Andrina Goussous had always known she wanted to pursue her future studies in the UK. She had visited the country previously on a three-month exchange programme, and fallen in love with the entire experience. So when her school hosted a UK university fair during her final year, she jumped at the chance to explore the host of institutions the country had to offer.
It was there that she discovered the University of Kent. Founded in 1965, the University of Kent has established itself as one of the most prestigious institutions in the UK. It’s consistently ranked within the top 50 UK universities, and has placed within the top 10 for research intensity. This has bled onto the world stage: internationally, the institution has gained a reputation for its excellence in academia and research, and is a first choice for many students submitting their university applications.

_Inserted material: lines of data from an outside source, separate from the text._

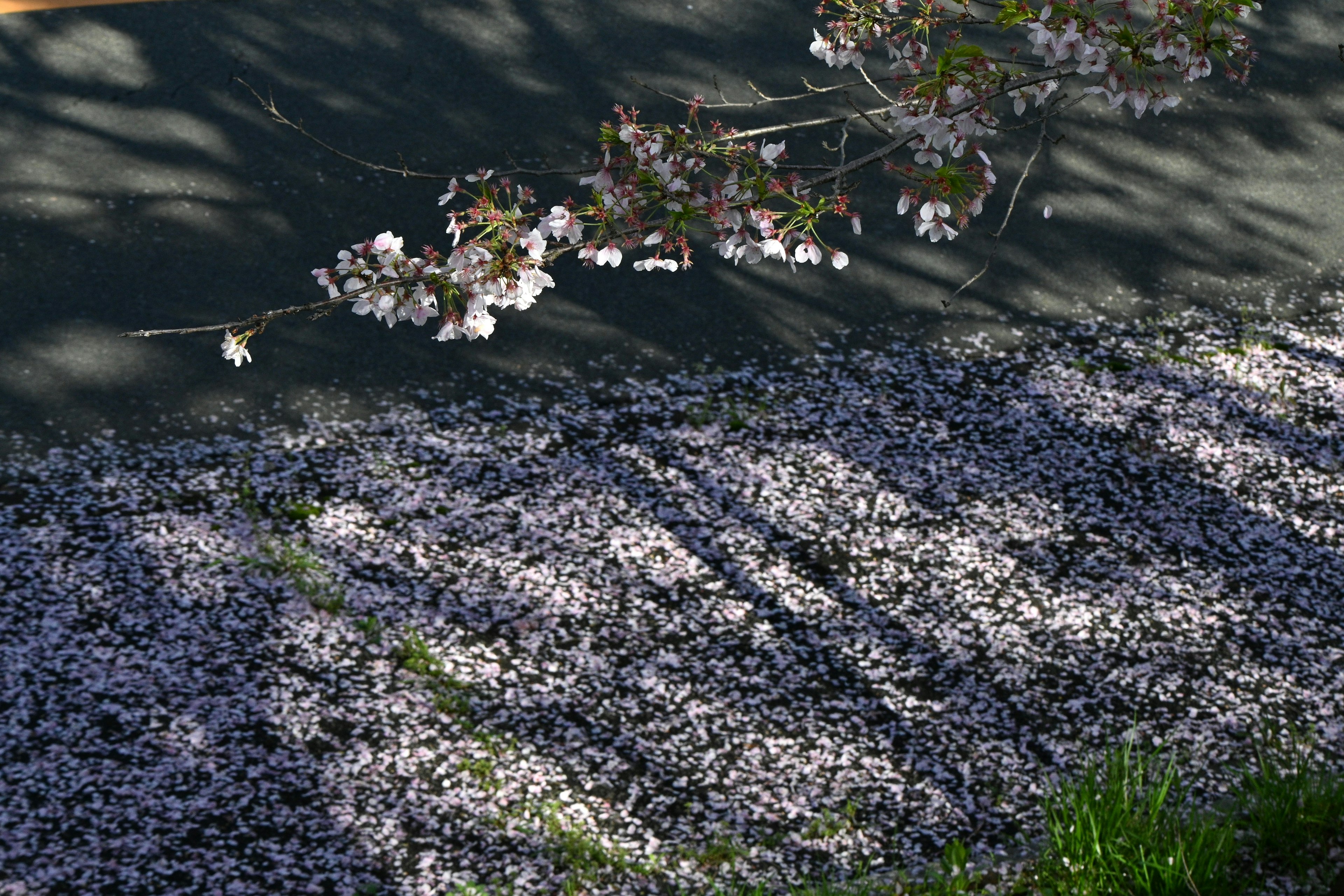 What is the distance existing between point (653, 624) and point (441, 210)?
3.40 meters

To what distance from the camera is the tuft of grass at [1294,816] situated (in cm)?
370

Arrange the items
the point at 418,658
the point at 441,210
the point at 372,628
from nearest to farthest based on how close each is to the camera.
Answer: the point at 418,658, the point at 372,628, the point at 441,210

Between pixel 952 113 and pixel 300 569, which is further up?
pixel 952 113

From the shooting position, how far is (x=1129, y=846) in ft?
11.5

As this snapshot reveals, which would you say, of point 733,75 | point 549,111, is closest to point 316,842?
point 549,111

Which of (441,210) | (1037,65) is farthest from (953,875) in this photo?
A: (441,210)

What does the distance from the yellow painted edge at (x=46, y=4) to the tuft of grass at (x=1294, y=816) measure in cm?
833

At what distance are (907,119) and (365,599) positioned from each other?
2.76 meters

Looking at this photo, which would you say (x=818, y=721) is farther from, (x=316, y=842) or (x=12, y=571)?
(x=12, y=571)

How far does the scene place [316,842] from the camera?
368 centimetres

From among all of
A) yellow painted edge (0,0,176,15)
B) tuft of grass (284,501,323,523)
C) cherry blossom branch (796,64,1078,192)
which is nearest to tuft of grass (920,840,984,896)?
cherry blossom branch (796,64,1078,192)

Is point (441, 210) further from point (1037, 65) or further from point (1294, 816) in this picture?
point (1294, 816)

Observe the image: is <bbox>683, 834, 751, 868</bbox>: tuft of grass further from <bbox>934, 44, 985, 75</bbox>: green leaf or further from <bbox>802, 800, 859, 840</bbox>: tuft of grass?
<bbox>934, 44, 985, 75</bbox>: green leaf

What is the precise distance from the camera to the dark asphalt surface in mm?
6031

Goussous, who had a natural inclination towards business, was impressed by the focused programmes on offer at the university. She applied as soon as she could and flew from her home in Qatar to visit the UK campus before she made her final decision.
Once there, she was enamoured by the picturesque city of Canterbury, where students are surrounded by historic buildings, charming cobbled streets, and beautiful woodlands. This is juxtaposed against the university’s large and modern campus, which is home to six colleges, over 175 clubs and societies, and state-of-the-art facilities.
On top of that, it boasts a vibrant and diverse student community of over 19,000 talented individuals, with 25% of this number deriving from outside of the UK and as many as 164 countries represented. It was this that solidified the University of Kent as the right institution for many like Goussous.
As Goussous did not hold the qualifications needed to enter the first year of a degree programme, she opted for the International Foundation Programme (IFP). For 40 years and counting, the IFP has been the ideal one-year programme for high school leavers who have excellent grades but have not completed a suitable qualification or achieved grades that allow them to apply for direct entry to a UK university.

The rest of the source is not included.